According to some commenters, banks and investors will not invest in 
affordable housing properties where rental income may decline after 
their initial investment. Predictability and stability in income and 
expense projections are key underwriting considerations. Investors and 
lenders will not underwrite ventures where rental income may decline 
unpredictably, stated the commenters. Another commenter stated that 
without the assurance of stable rental income, banks and investors will 
no longer be willing to invest in the affordable housing industry, 
which will result in far fewer units being developed.
    HUD Response: Rental income will not decline over time; HOME and 
MTSP rents will not decline over the life of the project. HUD does not 
want to limit the production of affordable housing. HUD's goal with 
this change is to provide more manageable rent increases (by capping 
increases to the maximum of 5 percent, or twice the change in national 
median family income) and to allow decreases in income limits used to 
determine eligibility for programs (also of no more than the maximum of 
5 percent).
    Comment: Eliminating the hold-harmless policy would detrimentally 
affect the extremely poor. One commenter wrote that eliminating the 
hold-harmless policy would harm the extremely poor by causing them to 
live in a financially more tenuous and volatile project. Because 
eliminating the hold-harmless policy would put the financial stability 
of MTSPs at risk, the commenter stated, discontinuing the hold-harmless 
policy for future MTSPs would likely be disastrous for high-cost, high-
poverty cities. Another commenter stated that HUD's approach supports 
only projects that receive direct governmental rental subsidies, where 
lower incomes lead to lower tenant-share rents. In those cases, HUD 
will have to offset lower tenant share rents by larger Federal rental 
subsidies to preserve the fiscal operations and quality maintenance of 
the properties. The MTSP programs do not have such a rental subsidy 
fallback option.
    HUD Response: HUD disagrees that extremely low-income tenants 
(defined as those at 30 percent of the median family income) will be 
required to take up tenancy in financially more tenuous and volatile 
projects because extremely low-income tenants are already priced out of 
MTSPs and, for the most part, require Section 8 vouchers for 
assistance. Additionally, as already stated, MTSPs will not be made 
more tenuous or volatile by HUD's proposed policy.

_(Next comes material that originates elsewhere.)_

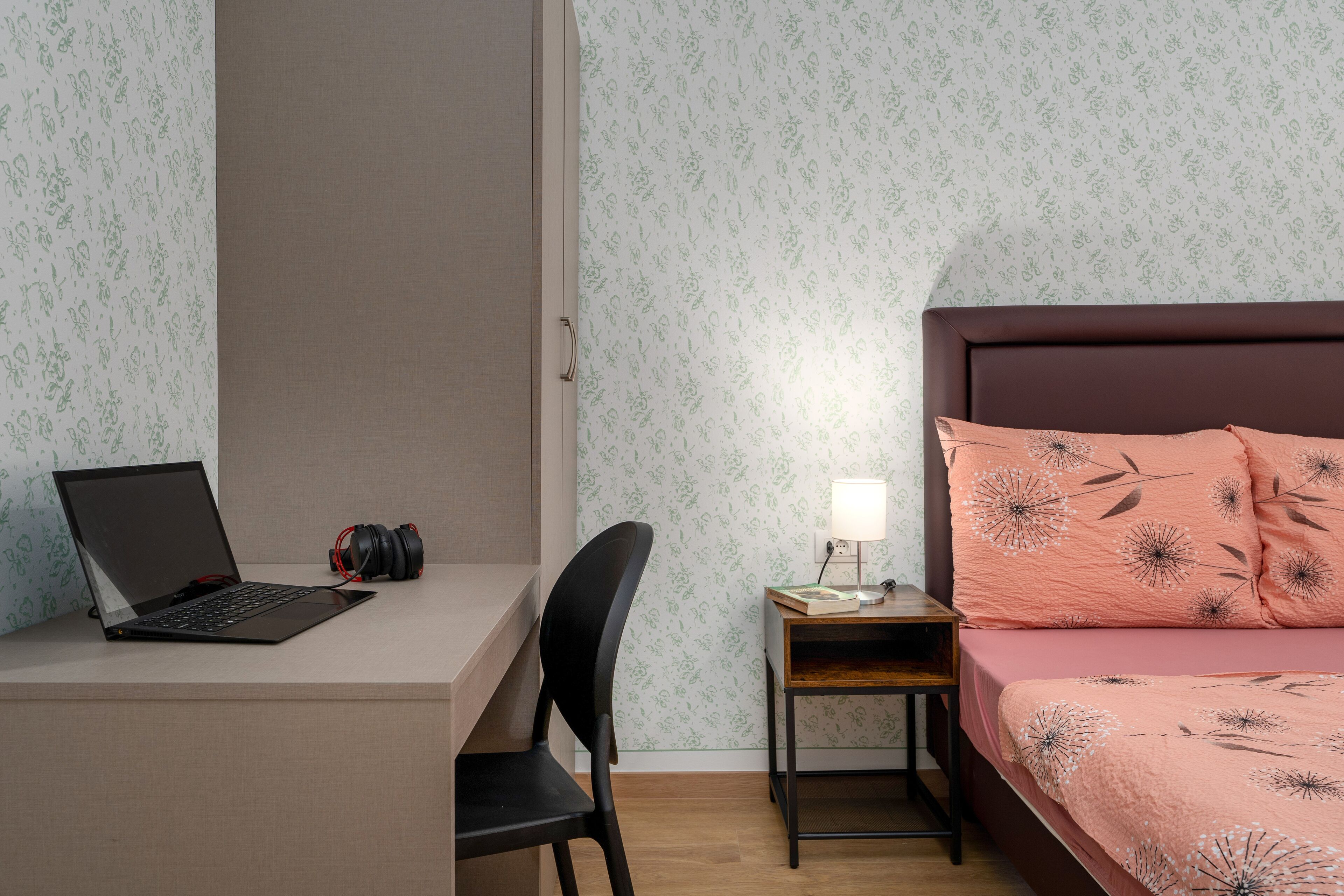 A bedroom with a bed, a desk with a laptop and headphones, a chair, and a bedside table with a lamp.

    Comment: HUD cannot impose independent hold-harmless policies on 
the HOME program. Commenters stated that HUD cannot impose independent 
hold-harmless policies on rent income limitations or maximum rents in 
the HOME program without going through the official rule-making 
process. The regulations governing income targeting and maximum rent in 
rental programs for the HOME program at 24 CFR part 92 provide specific 
formulae and specific conditions under which the formulae may be 
altered, and a hold-harmless policy is not listed as legitimate grounds 
for alteration, stated a commenter.
    HUD Response: HUD does not believe that a regulatory change is 
required in order to institute a hold-harmless policy for HOME rents.
    Comment: A hold-harmless policy that is independent of the Section 
8 income limits cannot be applied to the Treasury Department's Tax-
Exempt Mortgage Revenue Bond Program without a legislative change. 

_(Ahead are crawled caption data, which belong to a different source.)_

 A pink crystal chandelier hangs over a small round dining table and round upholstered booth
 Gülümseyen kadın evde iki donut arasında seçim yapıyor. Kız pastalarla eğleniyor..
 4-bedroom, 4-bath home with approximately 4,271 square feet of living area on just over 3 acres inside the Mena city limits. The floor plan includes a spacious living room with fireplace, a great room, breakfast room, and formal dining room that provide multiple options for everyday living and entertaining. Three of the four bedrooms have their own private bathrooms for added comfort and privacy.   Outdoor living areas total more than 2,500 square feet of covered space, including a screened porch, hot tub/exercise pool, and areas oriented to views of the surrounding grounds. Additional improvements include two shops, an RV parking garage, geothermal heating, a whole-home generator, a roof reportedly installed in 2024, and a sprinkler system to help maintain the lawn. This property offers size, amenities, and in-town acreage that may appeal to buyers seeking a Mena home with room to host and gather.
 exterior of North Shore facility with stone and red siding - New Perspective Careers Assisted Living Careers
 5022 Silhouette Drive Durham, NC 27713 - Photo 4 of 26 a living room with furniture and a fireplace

According to one commenter, allowing income limits to decline from one 
year to the next would cause problems in particular states, including 
confusion and resentment among potential buyers and administrative 
burdens for State agencies. Moreover, the commenter stated, section 
143(f) of the IRC specifies that the 115 percent limitation on incomes 
of mortgagors under the MRB program be based on area median gross 
income, taking into account the regulations prescribed under Section 8 
of the United States Housing Act of 1937. Therefore, a hold-harmless 
policy that is independent of the Section 8 income limits cannot be 
applied to the MRB program without a legislative change.
    HUD Response: This issue was discussed with the IRS, and HUD was 
advised that the intent of Congress is better followed by allowing 
Section 8 income limits to decline. Once a borrower closes a loan 
financed with bonds issued under section 143 of the IRC, the borrower 
is not subject to eligibility reconsideration, because the borrower's 
income has increased or the applicable income limit has decreased. The 
intent of this program is to target a certain income category, and the 
hold-harmless policy obfuscates this income category.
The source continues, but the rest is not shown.